Vampiriser l’épargne. La «répression financière» écrase chaque jour un peu plus la propension à épargner. La rémunération réelle de l’épargne est de facto négative : aucune banque ne procure un rendement net supérieur à 4%, alors que le taux de l’inflation dépasse en moyenne les 6 %. La BCT plafonne la rémunération nominale brute de l’épargne à 5%.

Il y a de quoi préférer le cash, thésauriser du cash et transiger cash.

Des liasses de dinars s’échangent au poids dans plusieurs régions et milieux du marché parallèle. Les épargnants boudent les banques et s’investissent dans le marché parallèle, privant l’économie d’importantes sources de financement.

Avec ce type de politique monétariste, la part de l’épargne dans le PIB a fondu, passant de l’équivalent de 18 % en 2010, à moins de 4% aujourd’hui.

Flageller l’investissement. La même «répression financière» pénalise les investisseurs, avec des taux d’intérêt effectifs dépassant les 10%. Les investisseurs solides finissent par s’expatrier, alors que d’autres mettent la clef sous la porte et se replient vers l’économie informelle, spéculative et souvent illégale. Les investisseurs internationaux ne sont plus attirés par la Tunisie, ils préfèrent le Maroc, le Sénégal, etc.

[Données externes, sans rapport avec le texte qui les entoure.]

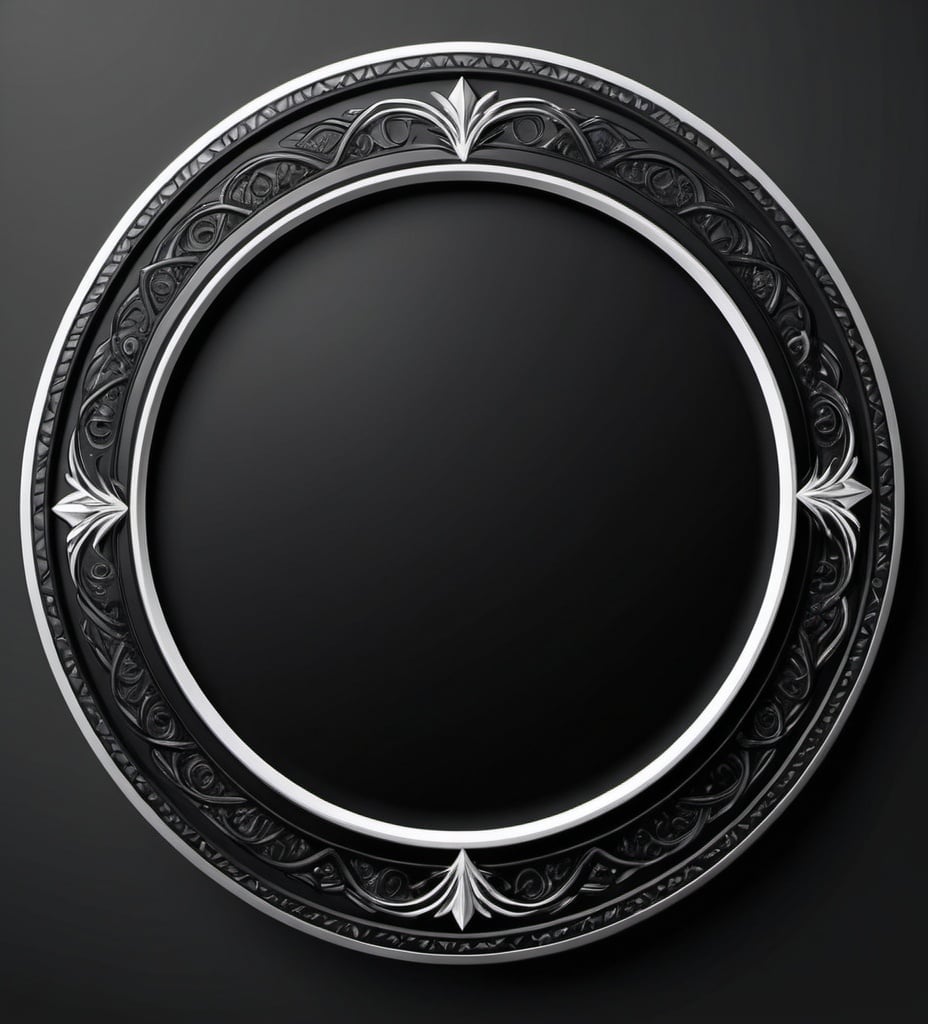 Prompt: a circle token frame, black slim outer edge, outer edge adorned with rogue style, empty inside the circle, white background, fantasy, pattern illustration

Les investissements mesurés en pourcentage de PIB ont chuté de 26% en 2010 à moins de 6% en 2020. Les difficultés de financement arrivent en tête de liste des problèmes rencontrés par les entreprises. Et cela est confirmé par les données d’une récente étude financée par la Banque mondiale.

Dévaluer le dinar. La dette et les donations internationales payées en dollars ou en euros procurent plus de capacité à payer des salaires des fonctionnaires, avec un dinar toujours plus faible. La dévaluation du dinar a permis à l’État de créer plus d’emplois (fictifs ou fantômes).

La dévaluation permet d’éroder la valeur du salaire réel en Tunisie, pour anéantir les augmentations salariales. Les économistes du gouvernement justifient ces dévaluations par les déséquilibres macro-économiques et par la volonté de renforcer la compétitivité des entreprises à l’international. Mais, 5 ans après ces dévaluations du dinar, l’économie tunisienne attend toujours les retombées promises par la dévaluation du dinar. Ces dévaluations successives ont augmenté l’inflation, ont pénalisé le pouvoir d’achat des Tunisiens, atrophié la classe moyenne et augmenté la pauvreté.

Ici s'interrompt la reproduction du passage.